■ **Your instructions**
Transcribe, exactly and without pictures, the lines below from the line with "Vector Seamless Vintage" to the line with "しつけ付き　飛び柄小紋　絞り　袷", both ends included, and no others.
-------- Dataset --------
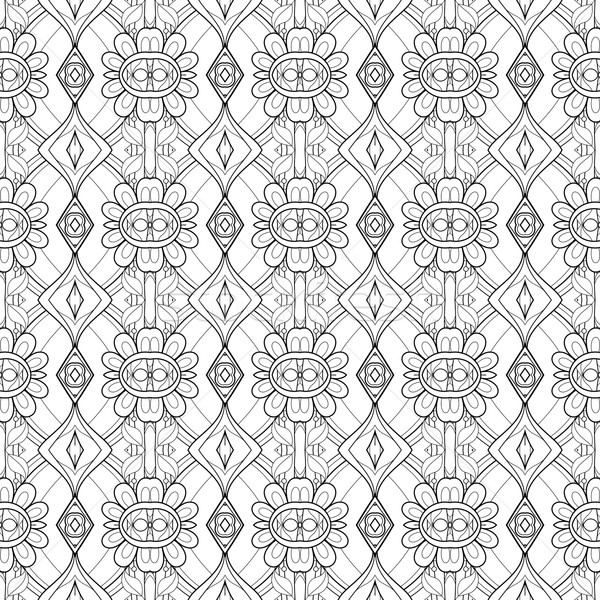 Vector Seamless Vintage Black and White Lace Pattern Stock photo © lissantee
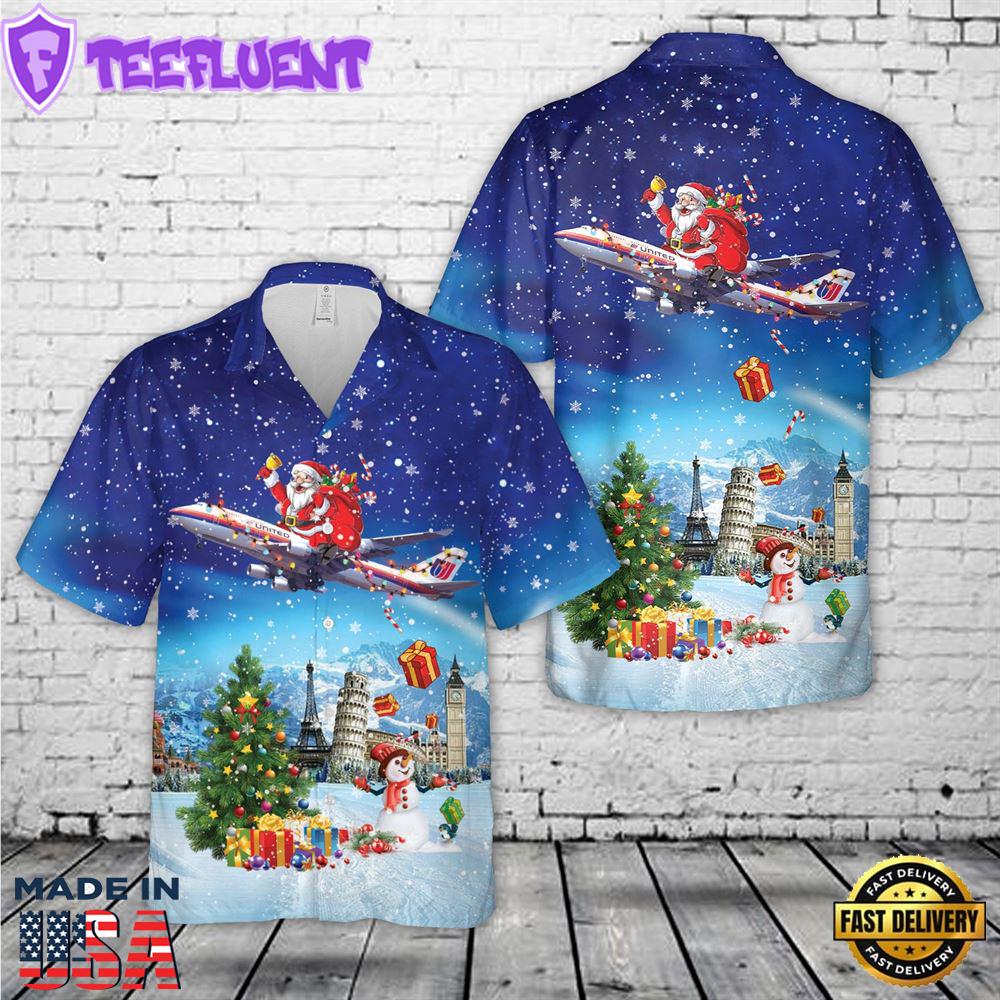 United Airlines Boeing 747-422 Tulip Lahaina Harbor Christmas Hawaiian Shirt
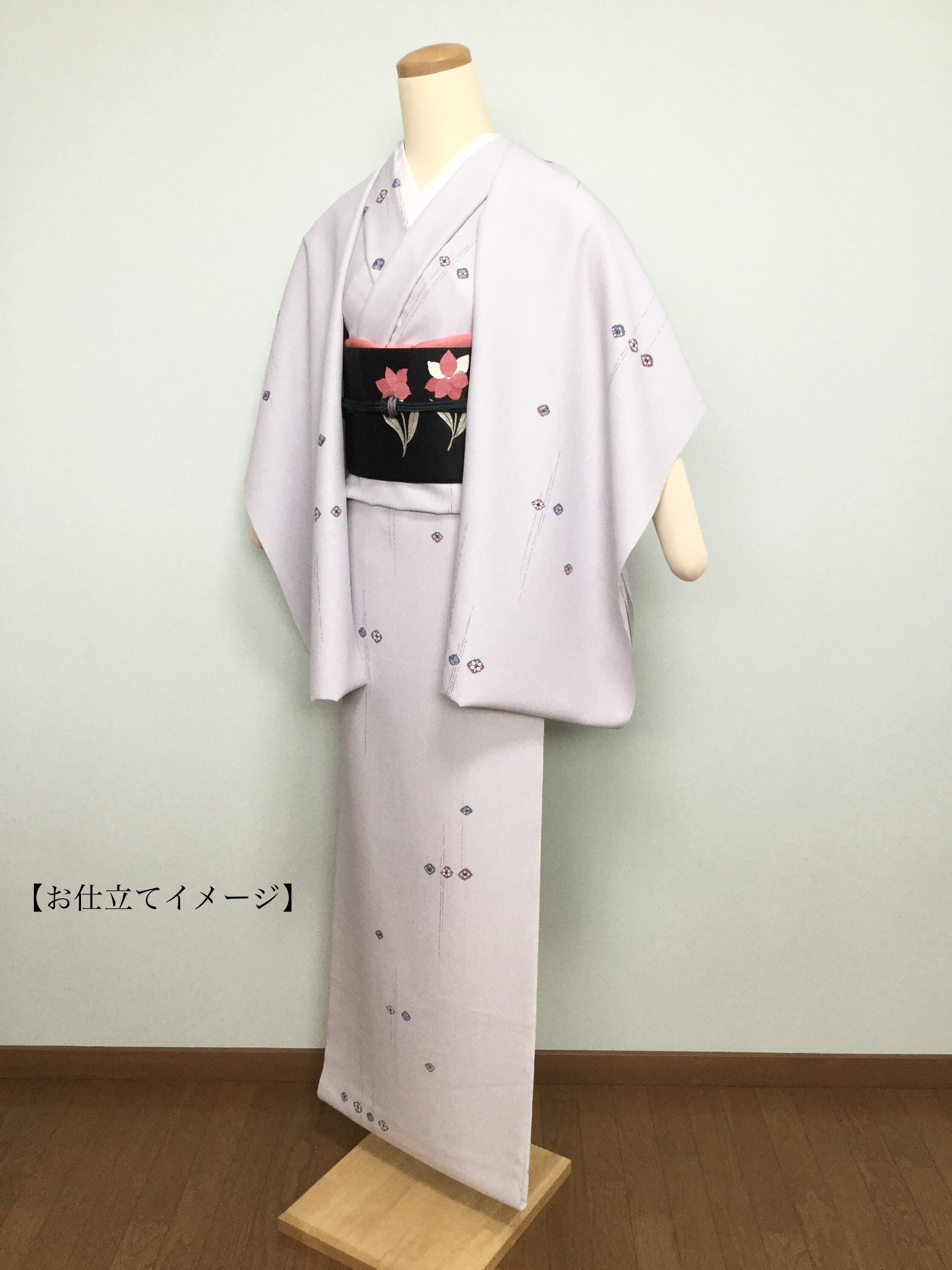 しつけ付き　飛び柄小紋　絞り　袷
--------
-------- Dataset --------
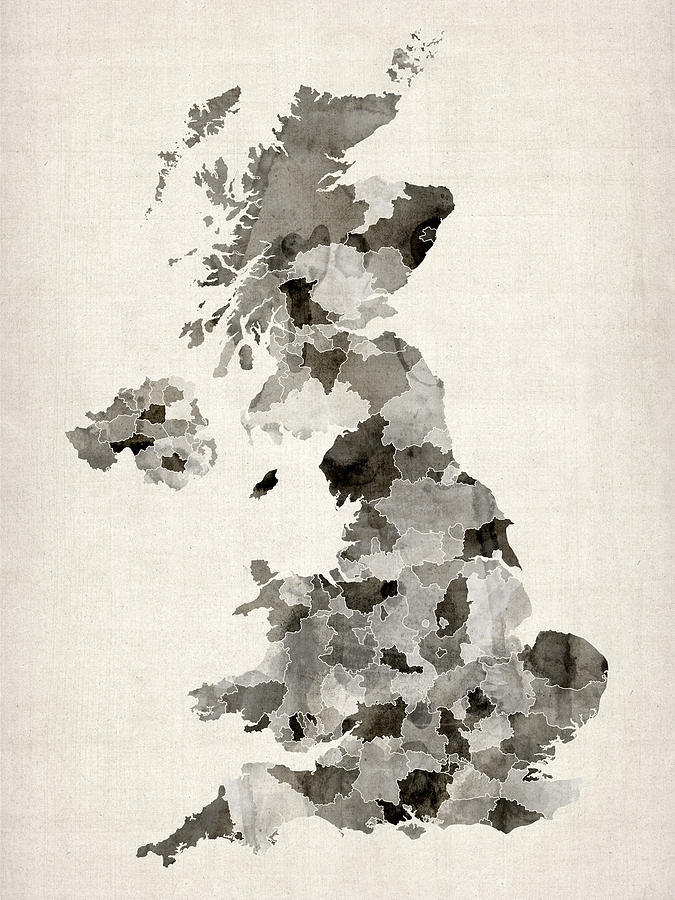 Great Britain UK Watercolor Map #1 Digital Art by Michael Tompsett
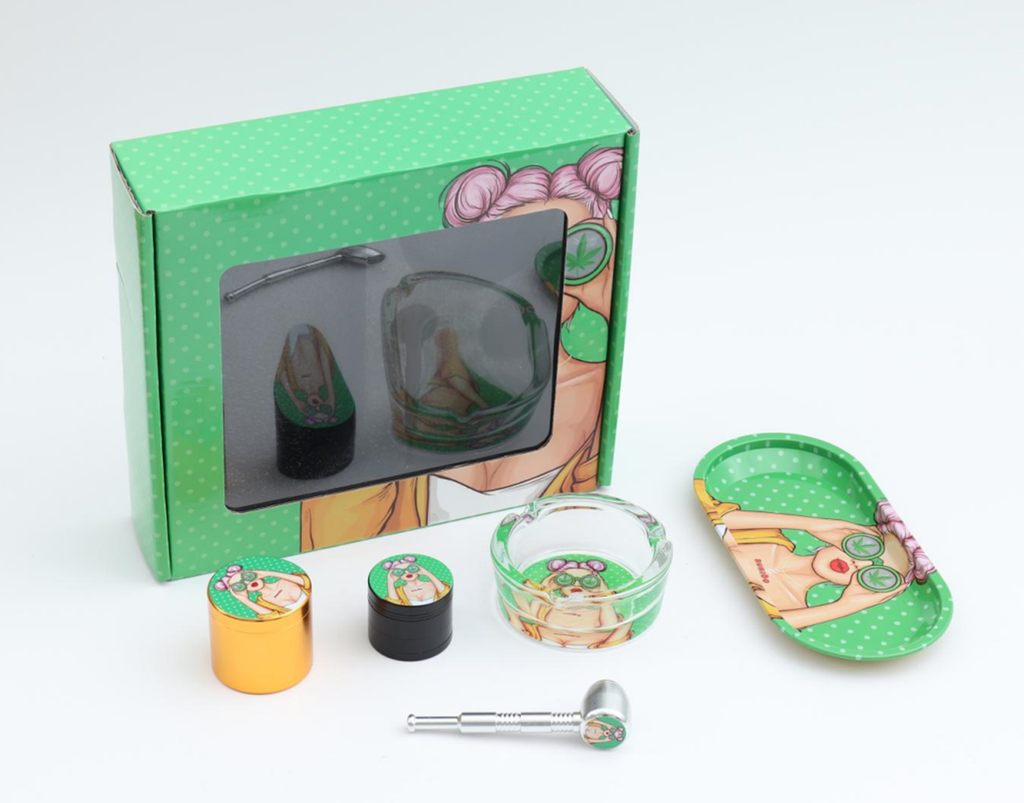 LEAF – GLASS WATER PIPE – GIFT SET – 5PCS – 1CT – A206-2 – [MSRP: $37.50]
--------
-------- Dataset --------
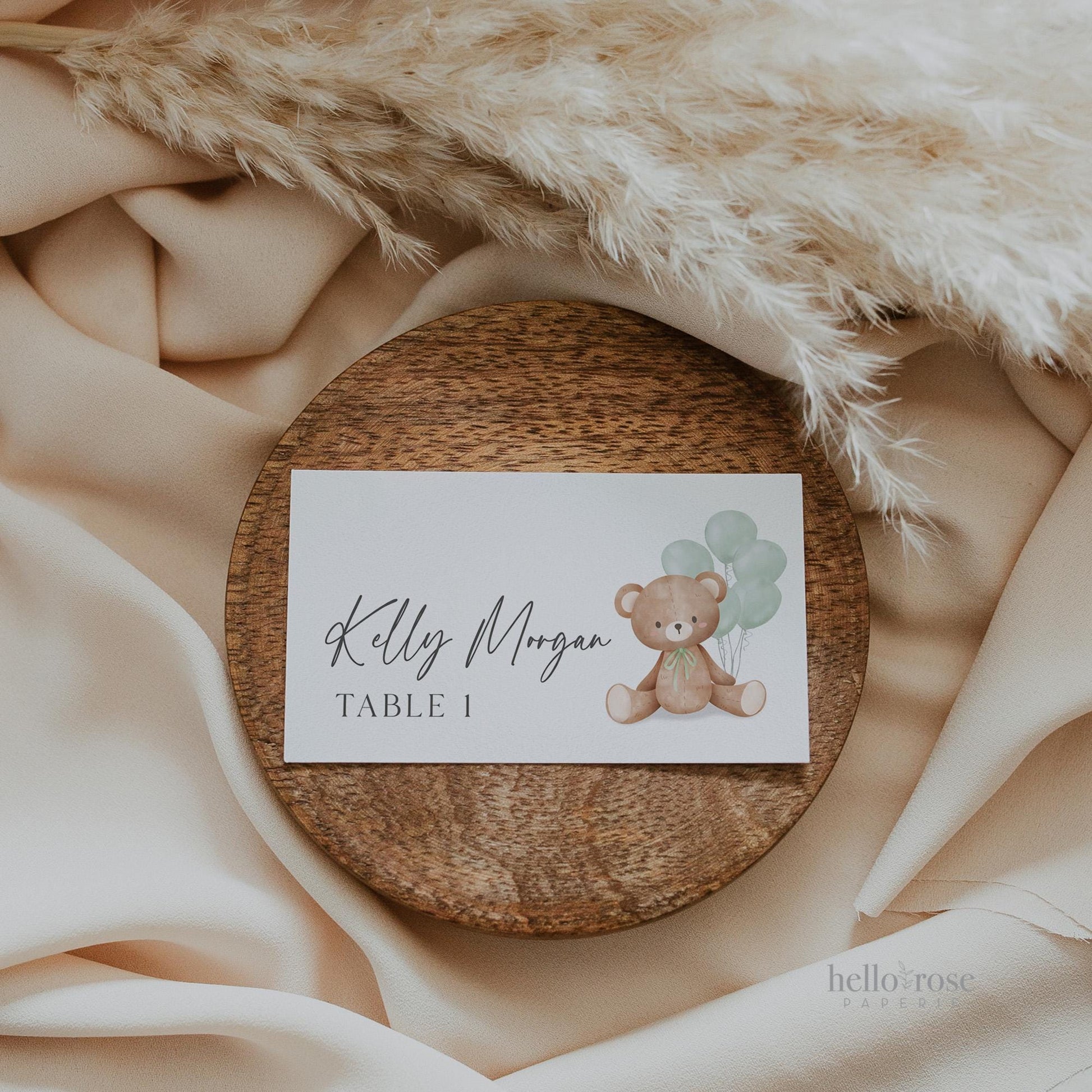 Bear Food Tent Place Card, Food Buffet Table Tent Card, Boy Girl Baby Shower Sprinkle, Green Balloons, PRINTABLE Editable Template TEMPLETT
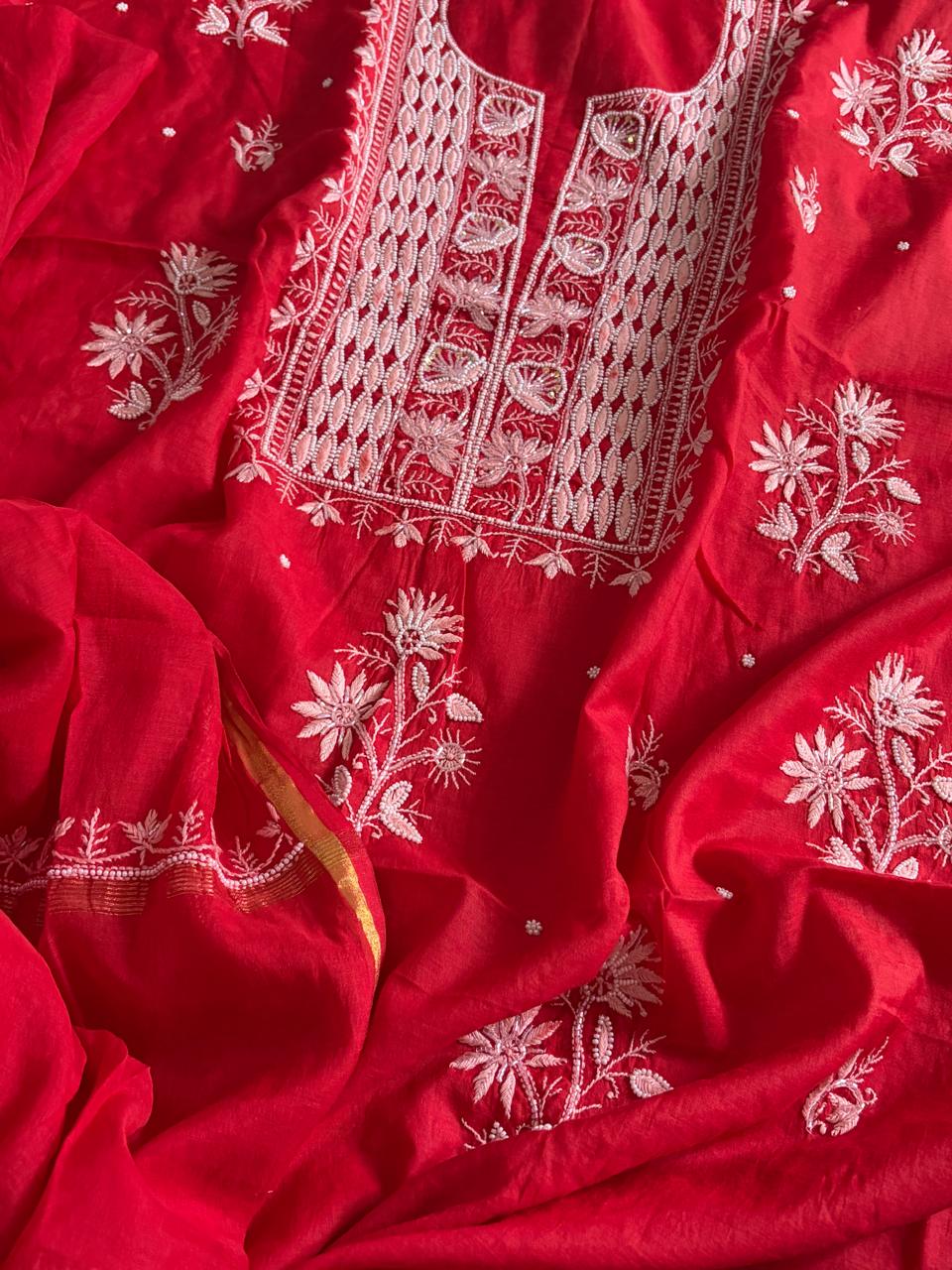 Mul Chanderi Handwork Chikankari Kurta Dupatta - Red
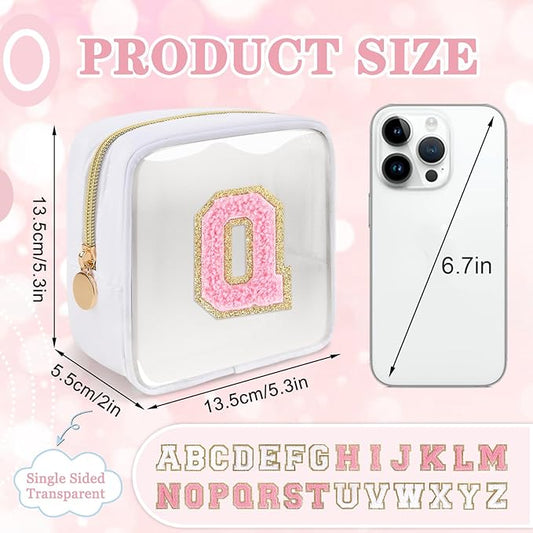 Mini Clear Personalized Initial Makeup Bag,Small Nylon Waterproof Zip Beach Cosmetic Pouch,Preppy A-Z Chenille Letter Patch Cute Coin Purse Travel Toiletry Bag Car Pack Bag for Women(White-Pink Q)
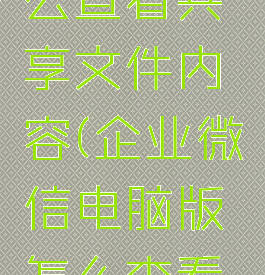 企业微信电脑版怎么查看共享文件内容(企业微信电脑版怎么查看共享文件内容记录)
--------
■ **Final answer**
 Vector Seamless Vintage Black and White Lace Pattern Stock photo © lissantee
 United Airlines Boeing 747-422 Tulip Lahaina Harbor Christmas Hawaiian Shirt
 しつけ付き　飛び柄小紋　絞り　袷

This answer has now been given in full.